The Denver Nuggets are in the NBA Finals for the first time in franchise history, and I’m sincere when I say that’s not a backhanded compliment. Yet it seems as if I’m one of only a few media members who actually wants to talk about the team that won the Western Conference Finals. The league and its cling-ons were hoping for a heaping helping of Los Angeles Lakers-Boston Celtics, and instead, they’ll have to settle for Serbian food and Nickelback.
However, this is the job. Write about the squads still standing, and hand out flowers to the players who earned them. Nikola Jokić is playing like an old-school video game boss, made impossible to beat due to finite lives, not enough quarters, and an unstoppable array of unblockable attacks. We just spent the past month and a half drooling over L.A. coming back from a horrendous start, yet Jamal Murray returning from a torn ACL and shedding the Bubble Murray moniker isn’t compelling because he’s not in purple and gold?

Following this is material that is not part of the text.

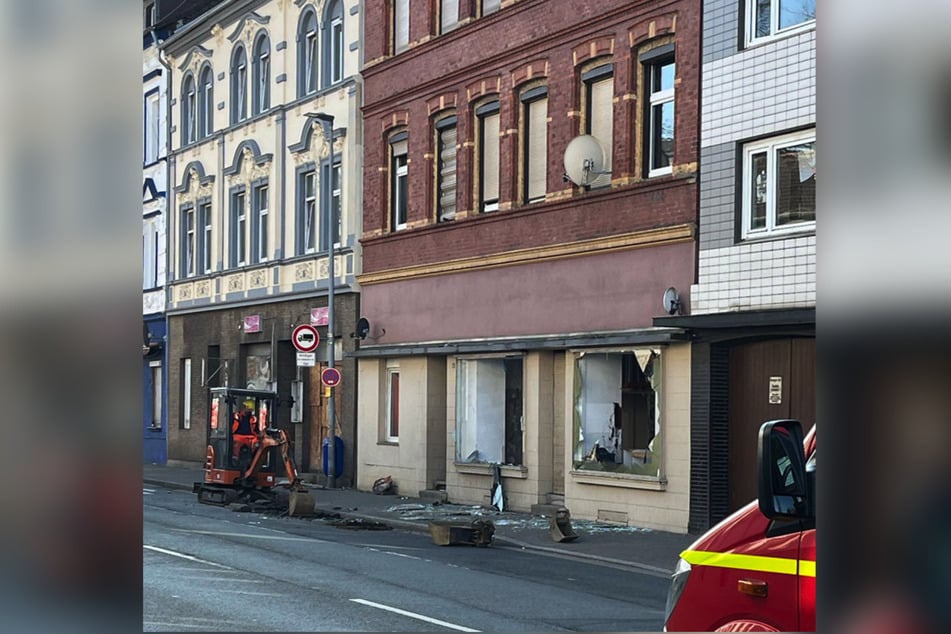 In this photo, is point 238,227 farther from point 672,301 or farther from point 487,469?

It’s easy to rattle off players and say, “They’re not interesting.” I could just as easily do it with media personalities who claim banality as an excuse for not wanting to talk about Denver. The Nuggets have a two-time MVP and a group of guys who’ve also persevered through injuries. In addition to Murray’s road to recovery, Michael Porter Jr. only appeared in nine games last year, and has had to overcome back problems since the draft.

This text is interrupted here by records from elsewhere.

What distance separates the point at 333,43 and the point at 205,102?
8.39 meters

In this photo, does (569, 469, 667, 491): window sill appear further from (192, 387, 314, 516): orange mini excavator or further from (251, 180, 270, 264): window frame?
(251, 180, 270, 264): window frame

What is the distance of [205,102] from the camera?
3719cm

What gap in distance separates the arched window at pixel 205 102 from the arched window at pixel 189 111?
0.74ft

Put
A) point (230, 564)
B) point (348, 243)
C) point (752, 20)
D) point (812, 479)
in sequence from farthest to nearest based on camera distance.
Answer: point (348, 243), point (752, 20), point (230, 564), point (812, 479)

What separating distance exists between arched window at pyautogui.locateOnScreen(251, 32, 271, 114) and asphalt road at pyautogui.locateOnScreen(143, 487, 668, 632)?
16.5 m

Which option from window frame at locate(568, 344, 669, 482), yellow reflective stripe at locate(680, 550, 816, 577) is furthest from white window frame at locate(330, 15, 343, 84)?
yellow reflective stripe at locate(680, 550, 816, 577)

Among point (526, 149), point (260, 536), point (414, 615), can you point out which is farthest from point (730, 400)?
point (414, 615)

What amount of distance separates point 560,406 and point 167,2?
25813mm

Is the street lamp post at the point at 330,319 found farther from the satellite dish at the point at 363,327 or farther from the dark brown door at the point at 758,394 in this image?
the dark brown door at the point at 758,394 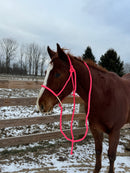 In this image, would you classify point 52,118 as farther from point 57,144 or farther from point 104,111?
point 104,111

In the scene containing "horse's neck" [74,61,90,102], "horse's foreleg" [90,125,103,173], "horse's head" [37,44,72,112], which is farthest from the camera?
"horse's foreleg" [90,125,103,173]

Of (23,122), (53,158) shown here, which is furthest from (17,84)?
(53,158)

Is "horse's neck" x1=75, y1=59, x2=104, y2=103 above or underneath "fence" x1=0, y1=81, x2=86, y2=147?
above

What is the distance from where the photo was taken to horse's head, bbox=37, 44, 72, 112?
1622mm

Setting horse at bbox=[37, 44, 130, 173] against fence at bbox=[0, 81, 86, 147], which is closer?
horse at bbox=[37, 44, 130, 173]

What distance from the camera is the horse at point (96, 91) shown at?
1.66 m

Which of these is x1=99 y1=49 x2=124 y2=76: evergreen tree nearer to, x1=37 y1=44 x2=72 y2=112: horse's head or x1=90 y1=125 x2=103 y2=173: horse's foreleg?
x1=90 y1=125 x2=103 y2=173: horse's foreleg

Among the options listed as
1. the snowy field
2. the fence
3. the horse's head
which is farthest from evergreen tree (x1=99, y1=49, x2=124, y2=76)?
the horse's head

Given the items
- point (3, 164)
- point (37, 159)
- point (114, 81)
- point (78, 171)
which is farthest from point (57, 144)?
point (114, 81)

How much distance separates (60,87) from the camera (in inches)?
66.1

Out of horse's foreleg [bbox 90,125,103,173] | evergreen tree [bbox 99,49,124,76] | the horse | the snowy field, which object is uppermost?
evergreen tree [bbox 99,49,124,76]

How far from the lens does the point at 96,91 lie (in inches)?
75.9

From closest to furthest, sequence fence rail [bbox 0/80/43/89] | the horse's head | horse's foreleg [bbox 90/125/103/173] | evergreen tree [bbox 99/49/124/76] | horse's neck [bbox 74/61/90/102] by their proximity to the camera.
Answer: the horse's head, horse's neck [bbox 74/61/90/102], horse's foreleg [bbox 90/125/103/173], fence rail [bbox 0/80/43/89], evergreen tree [bbox 99/49/124/76]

I understand that LeBron James and Anthony Davis do more traffic, and are easier to discuss because all we ever do is talk about L.A. They don’t matter at the moment because they were summarily swept by a far superior team. We have all offseason to debate LeBron’s future, so that can be shelved for now — and in general.
Blame ringzzz culture, sports media, social media, everyone
Chris Mannix isn’t the only reporter who wants to clock in and go through the motions. If sports media painted houses, every home would be a hue of beige. It’s the same storylines over and over again, and the only way to enter the conversation is to win a ring, or say some wild shit.
If a ring is the only currency that earns a player media attention, then why has Damian Lillard been in the news even though Portland was eliminated from playoff contention in March?
We literally just shouted about Jokić and the MVP race for months, but a lot of people were on the Joel Embiid bandwagon, so offering a mea culpa would be career suicide because it would compromise a take, your integrity? I’m still not sure. I caped for Embiid, and I couldn’t have been more wrong.
Even after getting slandered for months because he was the white face of the MVP debate, Jokić derided those who’ve been “mean” to Embiid, and said the Cameroonian wasn’t deserving of the award after the 76er’s second-round exit. That’s essentially the reception Jokić got after last postseason, and the media wonders why he has no interest in participating in their dog and pony show.
There are gobs of angles to cover with this Nuggets team, and I will not entertain excuses to talk about the fucking Lakers. All of the alleged reasons to ignore Denver have nothing to do with basketball, yet that’s what we’re supposed to be covering.